CMA CGM's Beirut headquarters was severely damaged in the explosion.
The Cabinet has decided to use the Port of Tripoli (PoT) and the smaller ports of Sidon and Tyre. Tripoli, as the second-largest logistics hub in the country, is expected to handle the majority of the redirected shipping.
PoT has the logistical and maritime capacity to accommodate the largest containerships in the world. It received a $300 million upgrade 18 years ago and can accommodate approximately five million tons of cargo loaded in 300,000 containers per year. At present, it is only handling around two million tons in 70,000 containers, which means that it is well placed to accommodate most of the overload. “The Port of Tripoli can meet the existing deficit,” said Ahmed Tamer, Director of PoT. “We have an integrated plan amongst the relevant agencies – customs, the port administration, the army, and the ministries of economy, agriculture and health – to raise the operating capacity to seven million tons and approximately 400,000 containers.
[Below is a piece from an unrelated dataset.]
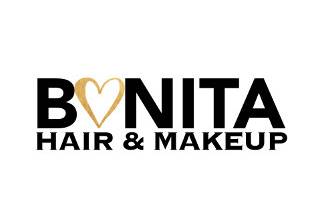 Bonita Hair & MakeUp Logo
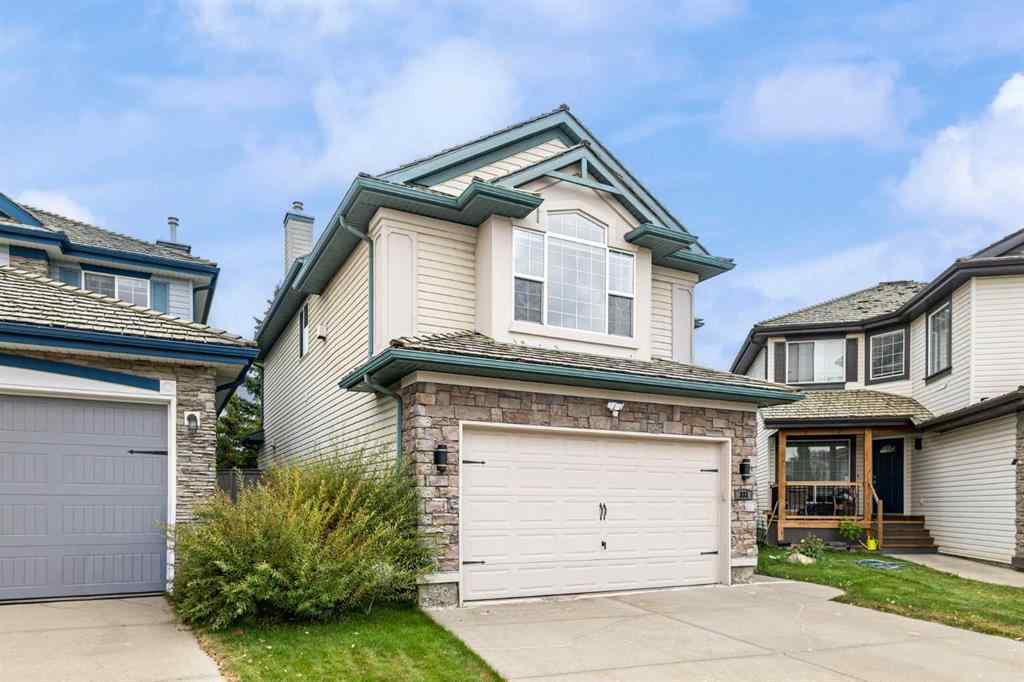 MLS® A2258488 - 331 Springbank Place SW in Springbank Hill Calgary, Residential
This is roughly the size of Lebanese import by containers. “We can accommodate all the required stocks of wheat and grain so I can assure everyone that we will not fall into a food or grain crisis.”
CMA CGM, headquartered in Marseilles, was founded by Lebanese national Jacques Saadé. It is an international shipping group ranking fourth worldwide. CMA CGM uses 200 shipping routes to reach 420 ports in 150 countries. Saadé and his brother Johnny created CMA in 1978 as an intra-Mediterranean liner service operator. In 1996, French State-owned CGM was privatized and sold to CMA to form CMA CGM.
Other shipping companies are diverting their vessels to other Mediterranean ports. MSC will reroute ships to Greece, Italy, and Turkey. Hapag-Lloyd is diverting existing calls to Tripoli and accepting no freight headed to or from Beirut. The carrier's office was destroyed in the blast.
The Port of Beirut was a transshipment hub for CMA CGM and MSC. CMA CGM transshipped 71,432 twenty-foot equivalent units (TEUs) in the first half of 2020. MSC’s transshipment volume was 82,268 TEUs over the same period.
“We expect that the damage to the port will significantly exacerbate the economic and food security situation in Lebanon,” said Farhan Haq Deputy Spokesman for the UN Secretary-General.